Samuel Wanjiru made it a full house of Olympic titles in middle distance and long distance races for Kenya's men here on Sunday as he ended their title drought in the event and broke the long-standing Olympic record as well.
The 21-year-old timed 2hours 6minutes 32seconds, breaking the 24-year-old Olympic record set by Carlos Lopes.
He beat home Morocco's two-time world champion Jaouad Gharib (2hr07:16) for the gold while Tsegay Kebede of Ethiopia took the bronze.
"In Kenya, we have many medals, but I'm glad to have this one," said Wanjiru, who learnt to run the marathon when he left for school in Japan aged 15.
"It feels good to make history here. It feels good to make history for Kenya and win the gold," added Wanjiru, who is keen to break the world record next year.
The race came alive at the 20km mark when five runners split from the leading pack.

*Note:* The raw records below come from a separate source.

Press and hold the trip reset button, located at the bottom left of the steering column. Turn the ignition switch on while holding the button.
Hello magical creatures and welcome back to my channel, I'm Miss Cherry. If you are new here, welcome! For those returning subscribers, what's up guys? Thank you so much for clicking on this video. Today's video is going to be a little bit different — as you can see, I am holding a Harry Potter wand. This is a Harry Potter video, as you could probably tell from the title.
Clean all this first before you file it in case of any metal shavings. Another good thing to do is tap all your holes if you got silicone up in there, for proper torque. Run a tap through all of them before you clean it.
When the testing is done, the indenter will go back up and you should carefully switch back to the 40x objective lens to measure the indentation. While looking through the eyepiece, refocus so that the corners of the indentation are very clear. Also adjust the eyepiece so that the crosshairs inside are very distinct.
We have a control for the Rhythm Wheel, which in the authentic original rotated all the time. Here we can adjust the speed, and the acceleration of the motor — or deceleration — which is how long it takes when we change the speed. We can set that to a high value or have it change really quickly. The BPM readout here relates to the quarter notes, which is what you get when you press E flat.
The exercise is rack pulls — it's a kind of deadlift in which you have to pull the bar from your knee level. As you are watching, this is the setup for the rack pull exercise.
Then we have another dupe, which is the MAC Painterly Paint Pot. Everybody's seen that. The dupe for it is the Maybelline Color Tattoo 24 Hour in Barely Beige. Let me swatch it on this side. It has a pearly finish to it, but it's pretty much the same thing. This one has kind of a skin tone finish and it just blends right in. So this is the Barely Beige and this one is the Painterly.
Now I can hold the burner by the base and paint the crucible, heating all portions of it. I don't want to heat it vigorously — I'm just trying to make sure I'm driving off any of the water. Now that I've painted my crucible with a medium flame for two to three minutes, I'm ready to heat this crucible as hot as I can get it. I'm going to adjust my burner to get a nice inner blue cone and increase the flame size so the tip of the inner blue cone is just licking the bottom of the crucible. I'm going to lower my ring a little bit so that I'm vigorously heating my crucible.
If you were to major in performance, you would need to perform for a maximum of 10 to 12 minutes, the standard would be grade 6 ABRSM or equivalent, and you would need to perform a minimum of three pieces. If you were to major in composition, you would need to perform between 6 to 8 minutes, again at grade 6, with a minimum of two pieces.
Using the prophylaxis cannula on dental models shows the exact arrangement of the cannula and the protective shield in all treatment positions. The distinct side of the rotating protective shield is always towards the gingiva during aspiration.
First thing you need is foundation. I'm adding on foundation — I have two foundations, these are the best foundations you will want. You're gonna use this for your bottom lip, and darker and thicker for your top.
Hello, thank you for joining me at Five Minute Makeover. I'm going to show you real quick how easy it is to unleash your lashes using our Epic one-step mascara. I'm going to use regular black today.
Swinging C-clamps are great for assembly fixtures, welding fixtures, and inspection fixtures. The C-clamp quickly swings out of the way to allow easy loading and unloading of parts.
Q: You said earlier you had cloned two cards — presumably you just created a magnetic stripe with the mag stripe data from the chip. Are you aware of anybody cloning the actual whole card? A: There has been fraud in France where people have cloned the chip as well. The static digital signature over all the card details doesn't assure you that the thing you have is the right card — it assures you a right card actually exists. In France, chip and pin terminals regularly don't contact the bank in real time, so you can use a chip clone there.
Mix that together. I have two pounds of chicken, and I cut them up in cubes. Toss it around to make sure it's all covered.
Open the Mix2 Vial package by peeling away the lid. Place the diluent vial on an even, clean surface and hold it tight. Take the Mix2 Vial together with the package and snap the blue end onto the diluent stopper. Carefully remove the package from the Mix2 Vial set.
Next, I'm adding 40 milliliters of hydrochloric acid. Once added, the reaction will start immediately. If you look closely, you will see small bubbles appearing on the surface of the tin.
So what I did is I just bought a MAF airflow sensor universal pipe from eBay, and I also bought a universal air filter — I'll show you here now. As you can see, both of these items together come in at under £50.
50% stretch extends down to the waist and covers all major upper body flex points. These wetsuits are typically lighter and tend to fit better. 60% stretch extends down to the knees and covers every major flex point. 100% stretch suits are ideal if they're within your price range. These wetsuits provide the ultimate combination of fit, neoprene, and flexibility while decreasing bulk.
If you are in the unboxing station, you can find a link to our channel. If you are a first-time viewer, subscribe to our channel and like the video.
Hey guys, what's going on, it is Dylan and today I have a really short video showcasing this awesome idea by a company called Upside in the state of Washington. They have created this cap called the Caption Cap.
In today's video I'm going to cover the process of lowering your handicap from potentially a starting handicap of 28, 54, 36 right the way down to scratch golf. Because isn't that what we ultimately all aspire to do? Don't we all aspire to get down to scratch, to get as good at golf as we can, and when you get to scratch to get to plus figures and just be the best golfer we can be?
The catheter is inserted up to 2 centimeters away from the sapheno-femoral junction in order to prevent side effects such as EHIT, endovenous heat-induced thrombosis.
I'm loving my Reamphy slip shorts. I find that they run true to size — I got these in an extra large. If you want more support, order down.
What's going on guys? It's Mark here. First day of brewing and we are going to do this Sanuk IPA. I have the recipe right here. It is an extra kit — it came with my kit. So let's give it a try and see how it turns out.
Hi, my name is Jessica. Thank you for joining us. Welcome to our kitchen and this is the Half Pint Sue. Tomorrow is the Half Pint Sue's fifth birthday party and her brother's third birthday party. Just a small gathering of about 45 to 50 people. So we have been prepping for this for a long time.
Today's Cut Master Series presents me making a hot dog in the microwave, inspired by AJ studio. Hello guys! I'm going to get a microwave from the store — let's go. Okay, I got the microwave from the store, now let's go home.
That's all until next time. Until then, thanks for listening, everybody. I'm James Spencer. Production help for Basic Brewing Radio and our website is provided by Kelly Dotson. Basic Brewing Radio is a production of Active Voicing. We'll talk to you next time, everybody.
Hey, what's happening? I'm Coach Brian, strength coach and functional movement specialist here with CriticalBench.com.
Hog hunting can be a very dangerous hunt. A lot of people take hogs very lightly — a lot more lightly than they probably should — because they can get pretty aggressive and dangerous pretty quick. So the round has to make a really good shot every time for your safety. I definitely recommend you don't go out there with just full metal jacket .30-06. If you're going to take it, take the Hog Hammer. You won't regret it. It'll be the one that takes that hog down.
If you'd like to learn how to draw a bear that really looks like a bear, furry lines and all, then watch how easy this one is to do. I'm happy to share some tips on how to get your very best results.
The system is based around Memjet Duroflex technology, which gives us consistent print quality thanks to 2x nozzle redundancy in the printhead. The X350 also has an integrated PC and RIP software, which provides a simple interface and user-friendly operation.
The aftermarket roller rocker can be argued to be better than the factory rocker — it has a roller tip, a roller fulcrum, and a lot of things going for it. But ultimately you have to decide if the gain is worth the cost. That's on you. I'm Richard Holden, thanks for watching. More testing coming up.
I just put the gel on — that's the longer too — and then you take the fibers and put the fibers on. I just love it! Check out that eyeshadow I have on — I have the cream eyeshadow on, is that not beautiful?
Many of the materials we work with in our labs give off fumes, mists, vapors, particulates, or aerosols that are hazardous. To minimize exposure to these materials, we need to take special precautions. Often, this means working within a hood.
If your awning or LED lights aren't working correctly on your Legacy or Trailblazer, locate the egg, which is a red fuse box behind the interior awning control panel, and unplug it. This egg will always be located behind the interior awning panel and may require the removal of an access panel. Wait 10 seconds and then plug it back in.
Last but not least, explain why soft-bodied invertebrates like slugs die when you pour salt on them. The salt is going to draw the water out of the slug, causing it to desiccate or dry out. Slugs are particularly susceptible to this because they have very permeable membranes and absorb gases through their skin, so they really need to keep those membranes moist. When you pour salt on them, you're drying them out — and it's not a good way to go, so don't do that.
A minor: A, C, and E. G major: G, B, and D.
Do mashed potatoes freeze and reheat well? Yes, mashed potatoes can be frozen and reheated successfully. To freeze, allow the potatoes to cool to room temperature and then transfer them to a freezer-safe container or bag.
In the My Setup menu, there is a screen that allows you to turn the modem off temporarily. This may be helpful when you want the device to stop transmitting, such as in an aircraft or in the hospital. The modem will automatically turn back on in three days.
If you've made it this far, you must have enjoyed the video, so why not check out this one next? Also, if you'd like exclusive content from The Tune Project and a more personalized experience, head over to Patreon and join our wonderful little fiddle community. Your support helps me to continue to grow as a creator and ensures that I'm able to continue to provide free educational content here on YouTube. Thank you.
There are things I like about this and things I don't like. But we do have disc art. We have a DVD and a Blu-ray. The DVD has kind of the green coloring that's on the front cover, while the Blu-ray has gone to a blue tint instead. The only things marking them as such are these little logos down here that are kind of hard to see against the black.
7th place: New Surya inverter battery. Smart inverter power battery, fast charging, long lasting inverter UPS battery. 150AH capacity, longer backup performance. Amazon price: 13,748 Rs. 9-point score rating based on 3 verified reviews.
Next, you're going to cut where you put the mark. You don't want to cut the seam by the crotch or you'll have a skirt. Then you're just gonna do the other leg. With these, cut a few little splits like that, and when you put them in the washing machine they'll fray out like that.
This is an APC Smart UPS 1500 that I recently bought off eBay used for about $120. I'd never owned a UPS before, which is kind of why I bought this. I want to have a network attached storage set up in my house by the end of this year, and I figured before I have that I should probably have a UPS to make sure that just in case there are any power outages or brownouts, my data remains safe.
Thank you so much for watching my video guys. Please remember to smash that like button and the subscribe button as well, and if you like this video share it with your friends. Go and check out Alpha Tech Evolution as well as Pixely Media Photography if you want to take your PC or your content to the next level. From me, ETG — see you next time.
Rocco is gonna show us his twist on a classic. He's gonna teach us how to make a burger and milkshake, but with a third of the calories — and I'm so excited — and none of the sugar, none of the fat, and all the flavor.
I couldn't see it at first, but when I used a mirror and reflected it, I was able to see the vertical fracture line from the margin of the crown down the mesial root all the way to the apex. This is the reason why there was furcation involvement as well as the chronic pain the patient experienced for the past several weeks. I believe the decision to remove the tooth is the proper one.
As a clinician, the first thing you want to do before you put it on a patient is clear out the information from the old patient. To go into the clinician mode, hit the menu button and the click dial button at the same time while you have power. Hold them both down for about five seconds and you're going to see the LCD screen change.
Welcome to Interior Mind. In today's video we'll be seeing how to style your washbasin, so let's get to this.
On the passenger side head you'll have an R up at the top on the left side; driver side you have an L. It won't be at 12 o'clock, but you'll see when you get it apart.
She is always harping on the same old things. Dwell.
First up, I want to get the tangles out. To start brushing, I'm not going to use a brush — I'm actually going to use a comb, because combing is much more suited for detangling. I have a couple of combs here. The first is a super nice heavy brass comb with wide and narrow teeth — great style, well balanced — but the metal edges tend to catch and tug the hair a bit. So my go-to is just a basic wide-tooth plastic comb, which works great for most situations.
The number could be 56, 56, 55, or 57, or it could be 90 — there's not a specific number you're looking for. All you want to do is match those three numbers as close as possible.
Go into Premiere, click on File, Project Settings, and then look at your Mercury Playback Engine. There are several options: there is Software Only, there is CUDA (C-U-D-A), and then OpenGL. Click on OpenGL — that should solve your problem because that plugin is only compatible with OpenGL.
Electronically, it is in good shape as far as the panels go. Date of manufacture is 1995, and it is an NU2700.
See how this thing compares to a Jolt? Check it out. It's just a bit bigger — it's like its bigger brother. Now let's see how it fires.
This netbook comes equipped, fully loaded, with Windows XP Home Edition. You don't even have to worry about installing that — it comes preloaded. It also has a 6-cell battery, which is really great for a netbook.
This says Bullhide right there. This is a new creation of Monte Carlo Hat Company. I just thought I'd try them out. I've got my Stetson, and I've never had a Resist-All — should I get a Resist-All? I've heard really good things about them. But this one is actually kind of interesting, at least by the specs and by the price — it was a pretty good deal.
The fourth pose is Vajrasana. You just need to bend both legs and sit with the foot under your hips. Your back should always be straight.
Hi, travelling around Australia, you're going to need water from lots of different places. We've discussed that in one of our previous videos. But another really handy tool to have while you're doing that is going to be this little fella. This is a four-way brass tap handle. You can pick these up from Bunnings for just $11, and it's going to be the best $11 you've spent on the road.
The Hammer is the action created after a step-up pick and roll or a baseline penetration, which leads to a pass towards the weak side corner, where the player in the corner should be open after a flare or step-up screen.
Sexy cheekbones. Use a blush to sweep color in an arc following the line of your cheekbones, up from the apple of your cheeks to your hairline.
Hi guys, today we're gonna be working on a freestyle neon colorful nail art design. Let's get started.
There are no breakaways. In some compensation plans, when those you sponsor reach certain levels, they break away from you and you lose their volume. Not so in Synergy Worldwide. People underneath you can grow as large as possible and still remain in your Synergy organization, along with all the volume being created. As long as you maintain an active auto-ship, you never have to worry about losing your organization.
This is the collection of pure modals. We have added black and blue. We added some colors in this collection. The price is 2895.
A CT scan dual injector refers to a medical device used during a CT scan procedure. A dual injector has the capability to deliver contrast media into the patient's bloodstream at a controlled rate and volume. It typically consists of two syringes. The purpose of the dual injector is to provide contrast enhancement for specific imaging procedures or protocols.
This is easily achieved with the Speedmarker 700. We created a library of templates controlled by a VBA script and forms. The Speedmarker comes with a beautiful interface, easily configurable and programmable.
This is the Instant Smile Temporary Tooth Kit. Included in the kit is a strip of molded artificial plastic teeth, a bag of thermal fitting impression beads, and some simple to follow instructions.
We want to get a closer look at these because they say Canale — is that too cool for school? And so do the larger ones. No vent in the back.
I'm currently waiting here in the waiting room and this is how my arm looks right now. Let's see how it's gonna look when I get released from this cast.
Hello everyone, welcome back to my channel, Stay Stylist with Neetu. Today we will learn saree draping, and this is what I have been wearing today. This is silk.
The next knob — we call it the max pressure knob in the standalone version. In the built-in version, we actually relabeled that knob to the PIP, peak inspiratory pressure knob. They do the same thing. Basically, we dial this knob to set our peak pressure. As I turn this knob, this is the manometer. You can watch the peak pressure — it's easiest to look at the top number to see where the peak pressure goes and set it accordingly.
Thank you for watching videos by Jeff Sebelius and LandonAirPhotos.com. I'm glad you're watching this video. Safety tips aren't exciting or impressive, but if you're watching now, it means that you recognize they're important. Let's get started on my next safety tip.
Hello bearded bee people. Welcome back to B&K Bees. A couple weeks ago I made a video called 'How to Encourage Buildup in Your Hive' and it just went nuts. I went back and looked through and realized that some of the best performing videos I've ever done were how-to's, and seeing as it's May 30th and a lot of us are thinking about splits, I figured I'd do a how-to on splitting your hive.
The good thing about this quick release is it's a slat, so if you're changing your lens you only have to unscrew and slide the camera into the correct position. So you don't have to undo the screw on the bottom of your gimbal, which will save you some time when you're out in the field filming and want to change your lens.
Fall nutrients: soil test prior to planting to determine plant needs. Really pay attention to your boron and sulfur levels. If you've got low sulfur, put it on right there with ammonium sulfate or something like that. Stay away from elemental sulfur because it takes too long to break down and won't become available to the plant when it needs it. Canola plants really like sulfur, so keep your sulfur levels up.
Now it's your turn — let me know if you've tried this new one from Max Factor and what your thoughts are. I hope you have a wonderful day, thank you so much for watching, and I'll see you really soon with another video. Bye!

The quintet comprised Gharib, two Kenyans in three-time London Marathon winner Martin Lel and Wanjiru, second in this year's London Marathon.
The other two were Eritrean Yonas Kifle and Ethiopia's Deriba Werga, who had timed his personal best at the London Marathon but had been over a minute behind Wanjiru.
Several of the favourites failed to cope with the hot conditions especially defending champion Stefano Baldini of Italy.
The 37-year-old was out of contention early on as the European champion failed to find the spark he had in Athens four years ago and was to finish 12th.
"It was incredible what the Africans managed to do in those last 10km," gasped Baldini.
"This was my last marathon and my last international event. I want to carry on running but without the stress."
America's hopes of ending on a winning note also died around that time as Ryan Hall, who has impressed since he switched from running the mile, also found nothing when the quintet split.
By the 30km mark, though, the picture had dramtically changed as Wanjiru and Werga upped the pace and Gharib, Lel, who should on form have been able to go with them as he owned the fastest time this year among those running, and Kifle could not find anything.
However, while Lel and Kifle floundered, 36-year-old Gharib drew on all his championship winning experience and somehow managed to reel in the front two setting up what looked sure to be a thrilling climax.
The trio were still intact as they passed the 35km marker with Wanjiru leading them out.
Behind them Kifle had squirmed free of a tiring Lel, who was beginning to look behind him in a sure sign of desperation, but the Eritrean faced a tough task in getting back to the leaders as he was nearly a minute-and-a-half adrift.
Shortly after that Wanjiru went up a gear to test out the other two and found Werga wanting, though, Gharib stuck to him like a limpet.
But even he could not keep up the pace and the young Kenyan had by the time they got to 40km established a clear gap between himself and the Moroccan.
With two kilometres to go as they appeared under the shadow of the stadium the game was clearly up for Gharib, who had an 18sec gap to make up if he were to add Olympic gold to his two world titles.
But Wanjiru was not for cracking and strode to a memorable victory - raising his left arm in celebration on entering stadium and was still full of running as he rounded off a highly satisfying Games for the Kenyans.
Werga faded so badly that what had looked at one point could be gold turned to nothing as Kebede passed him on the final lap round the track.
Whilst they fought out the medals there was a remarkable performance among the stragglers as 53-year-old Israeli Seteng Ayele battled through the extreme heat to finish 69th - way down on his 20th placing in 2004 but quite a feat given 19 of his rivals failed to finish.